Mega moc rock polo - Sławomir w Mszanie
![]() Były czerwone buty i biały garnitur – zgodnie z obietnicą Sławomir tak się miał się wyszykować na wieczorny koncert w naszym mieście. Jednym słowem, cytując gwiazdę, było "czuć piniądz". Nie mogło zabraknąć Kajry i zespołu "Trzymamy się Zapały".
![]() Nie zawiodła publiczność, gęsto zrobiło się pod sceną, kiedy gwiazda miała wieczorem odpalać swoją rakietę rock polo. Znawcy doliczyli się pięciotysięcznej widowni na miejskim stadionie, wszyscy byli ciekawi występu sąsiada zza miedzy, który śpiewa że "ni mo hektara".
![]() To jeden z dwóch najbardziej rozponawalnych utwórów, który tak jak "Megiera", kręcony był w Koninie.

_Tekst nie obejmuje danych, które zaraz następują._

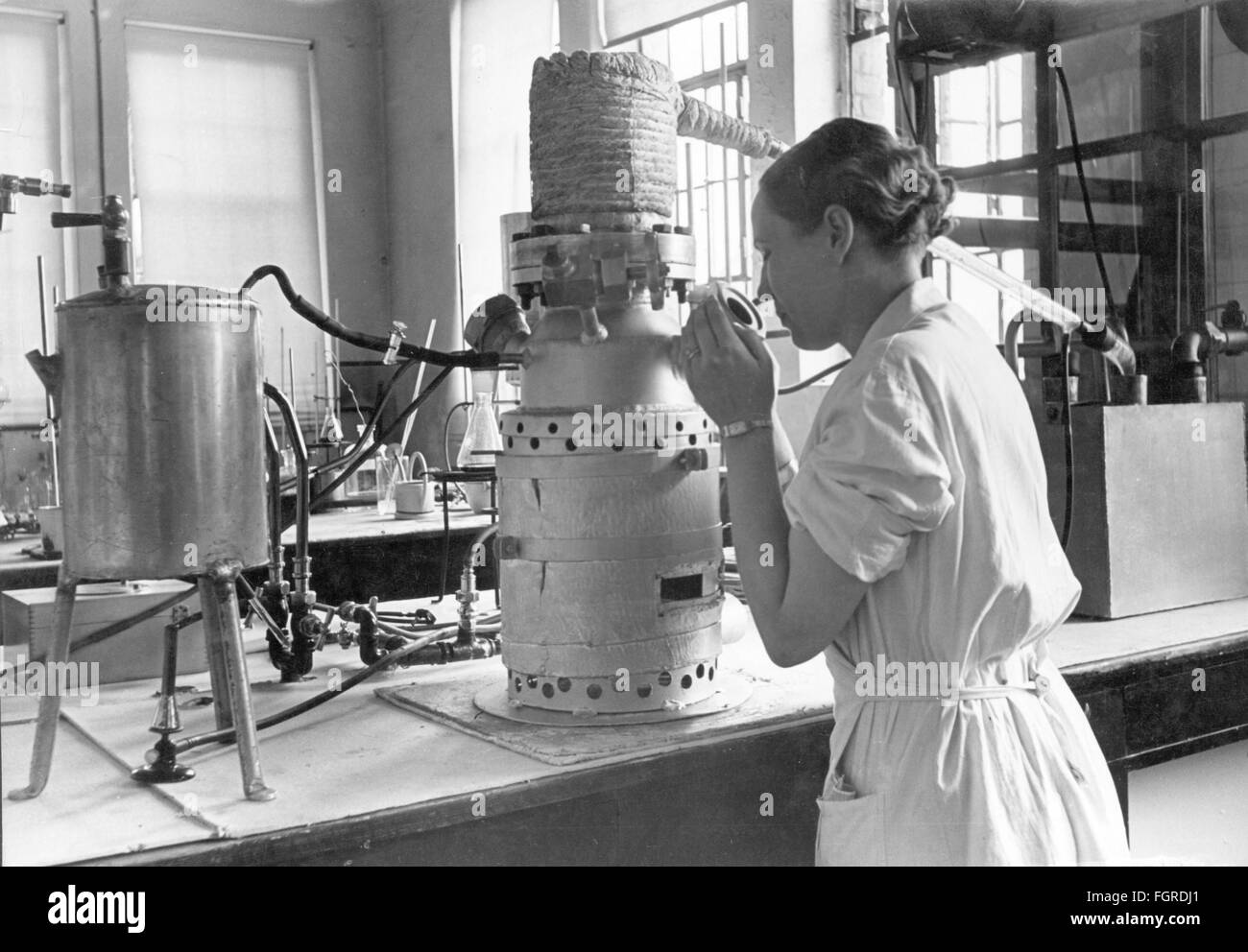 Médecine, laboratoire, assistant de laboratoire avec équipement de laboratoire, vers 1940, droits additionnels-Clearences-non disponible Banque D'Images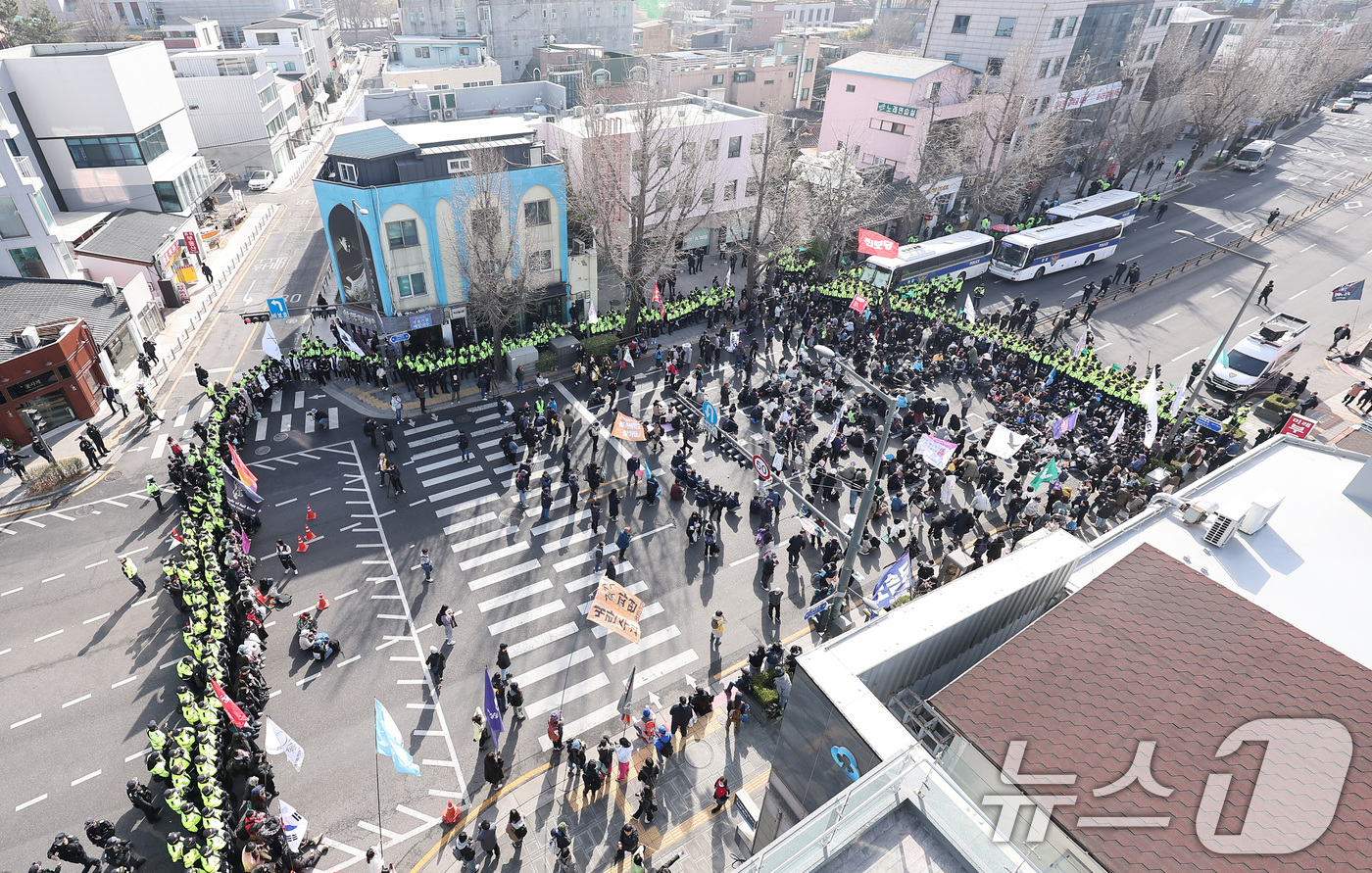 (서울=뉴스1) 김성진 기자 = 26일 오전 서울 종로구 자하문로 인근에서 윤석열 대통령 탄핵을 촉구하며 트랙터 상경 집회를 시도한 전국농민회총연맹 시위대와 경찰이 대치하고 있다. …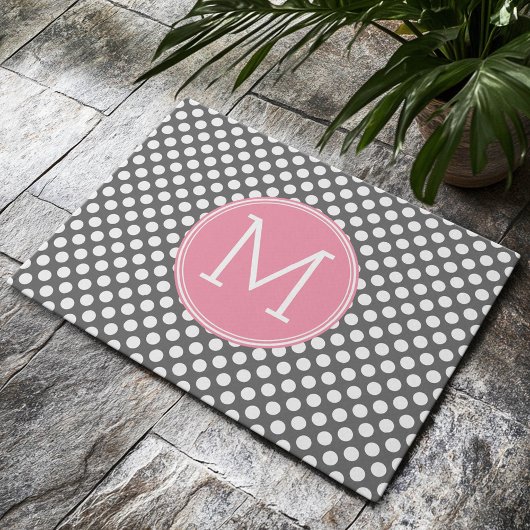 Roze en grijze pokadots met preppy monogram deurmat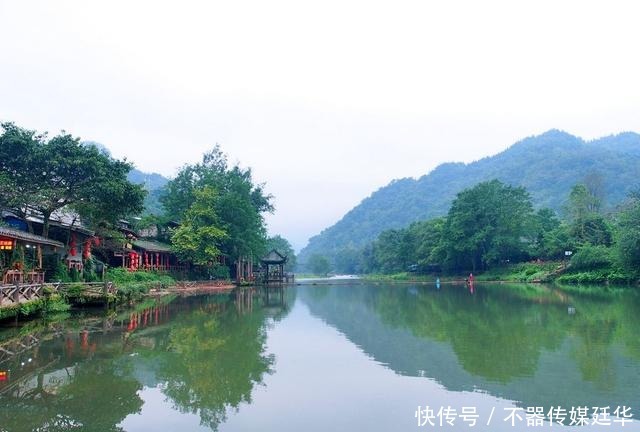 川西最秀丽的古镇，距今800多年历史，烟雨迷蒙，胜过江南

W jednym wystąpiły znane gwiazdy, takie jak Ewa Kasprzyk, Lech Dybik, Krzysztof Kiersznowski, Witold Dębicki, a w drugim debiutowali mieszkańcy gminy Niedźwiedź. Sławomir ze sceny zapowiadał ukazanie się nowej płyty jesienią, mogliśmy usłyszeć "Trawę" i "Miłość w Zakopanem" oraz znane covery.
![]() Co więcej, zgromadzeni pod sceną odśpiewali je bezbłędnie. Ogromna enegria, wielki entuzjazm publiczności, rozpędzony mocą rock polo zespół, trzy wyjścia na bisy, czego może spodziewać się gwiazda związana z naszą okolicą? Tak gorącego przyjęcia nie miała chyba nigdzie!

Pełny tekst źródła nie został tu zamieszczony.